Разыгравшаяся сильная весенняя пурга со снегом задержала их на одном месте на несколько дней.
В одну из ночей, в пургу, Седов умер.
Линник и Пустошный повезли тело Седова на нартах. Они хотели достичь зимовья в Теплиц-Бае, отдохнуть в нем и, взяв провианта, доставить труп Седова на „Фоку“. Полынья, встретившаяся на пути западных берегов Рудольфа, заставила изменить принятое решение итти в Теплиц-Бай. Путешествуя с больным Седовым, оба выбились из сил. У Пустошного шла горлом кровь, он часто падал в глубокие обмороки.
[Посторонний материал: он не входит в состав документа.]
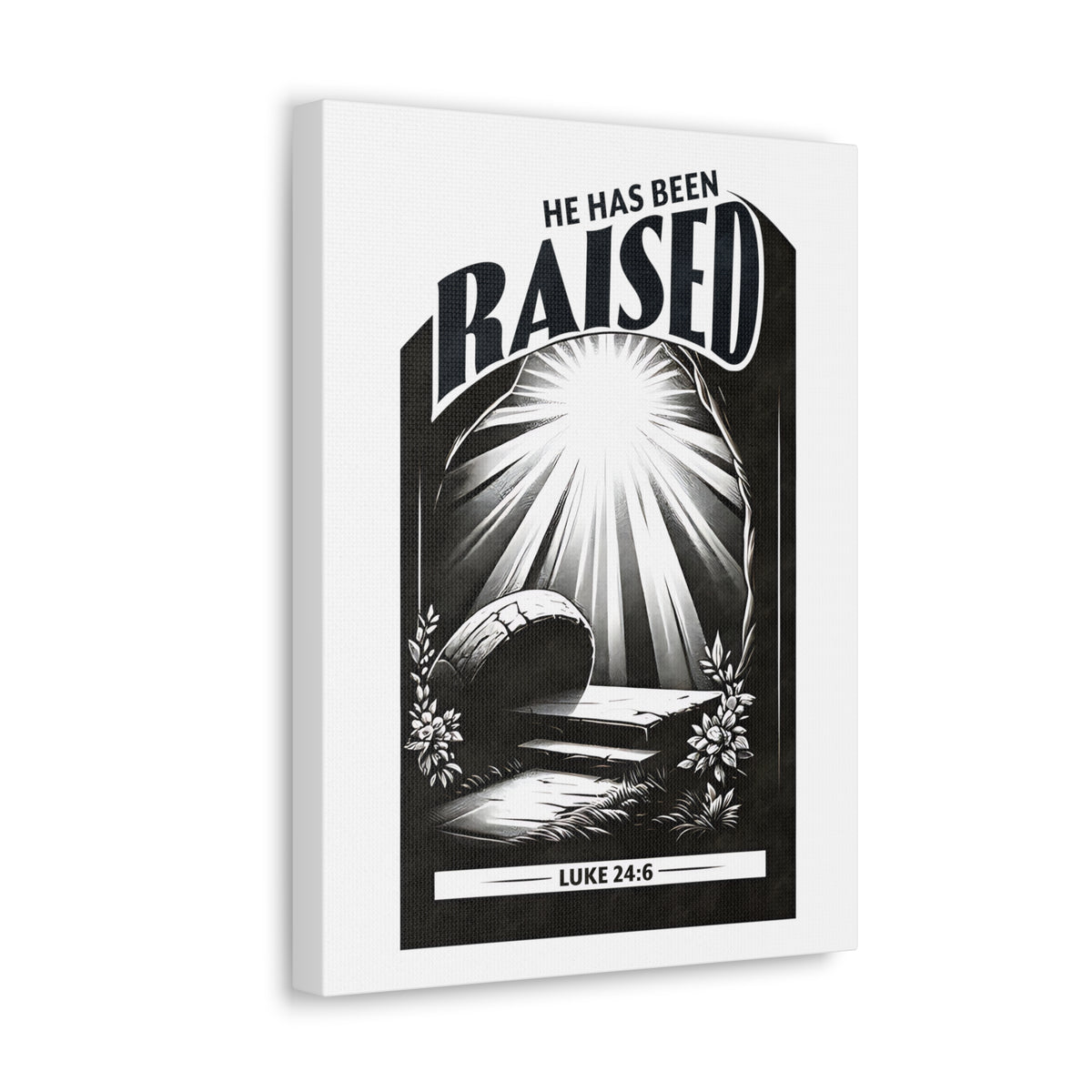 Scripture Walls Luke 24:6 He Has Been Raised Bible Verse Canvas Christian Wall Art Ready to Hang Unframed-Express Your Love Gifts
Положив труп Седова в брезентовый мешок, матросы похоронили его у подножия одного из высоких мысов. По всем приметам, рассказанным ими, это был мыс Бророк.
В МОРЕ ВИКТОРИИ
Штурман растерянно посмотрел на Воронина.
— Владимир Иванович, — повертел он в пальцах циркуль, — Владимир Иванович… — тут он запнулся, — английская лоция больше не действует.
— Как не действует? — вспылил тот. — Что вы говорите глупости! Это самое точное описание архипелага.
— Да, но все-таки она недействительна, — уже более уверенно повторил штурман. — Мы вышли из пределов существующих лоций.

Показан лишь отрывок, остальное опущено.